You may make oral blunders without even realizing it.

“When working with other people, we always want to put our best forward,” says Susan Mason, a principal with Vital Visions Consultants. “But there are three verbal blunders that are real problems for many of us, that keep us from exuding confidence.”

Stay away from Mason’s three oral “don’ts”:

1. “OK?” questions. Ending sentences with those questions may make it sound as if you’re collaborative, but actually, it just makes you sound indecisive. Examples: “I’d like you to start that right away … OK?” “This is a good idea … isn’t it?”

Tip: Instead of “This is a good idea, isn’t it?” say, “This is a good idea. What’s your opinion?”

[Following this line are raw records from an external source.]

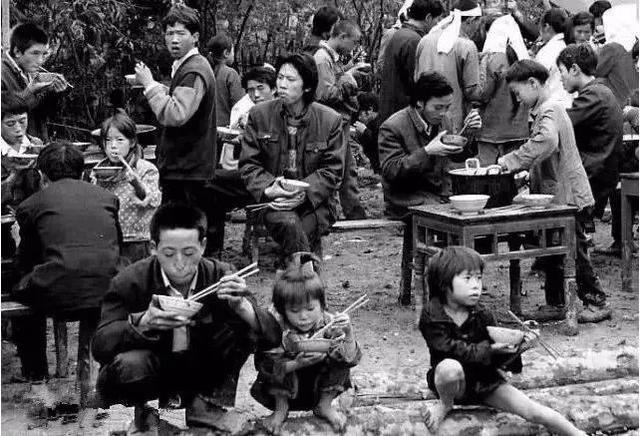 一组农村30年前吃饭的老照片，瞬间让无数人泪奔！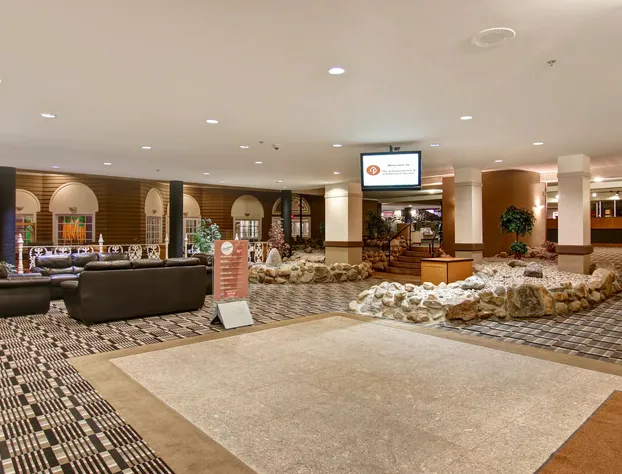 Edmonton Inn and Conference Centre hotel detail image 2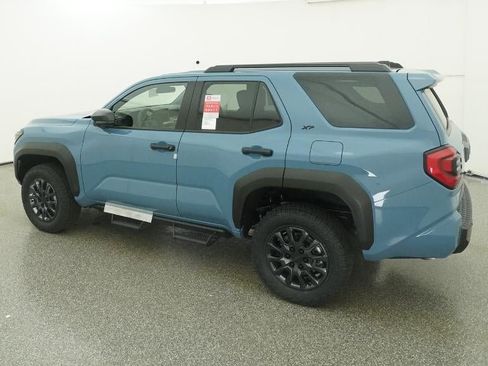 New 2026 Toyota 4Runner SR5 image 4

2. Disclaimers, such as, “Of course, I don’t know much about this process, but … .” Disclaimers make you sound as though you don’t believe in your own ideas. Mason’s advice? Put your ideas out there assertively.

Tip: Say “Based on my experience, I believe … .” instead of “I hope you don’t think I’m being unreasonable, but … .”

3. Hedges. “Maybe,” “perhaps” and “you know” come across as indecisive and wishy-washy. Example: “Perhaps you could come into my office and discuss your concerns” implies that it’s optional. Instead, say, “Please come into my office, and let’s talk about your concerns.”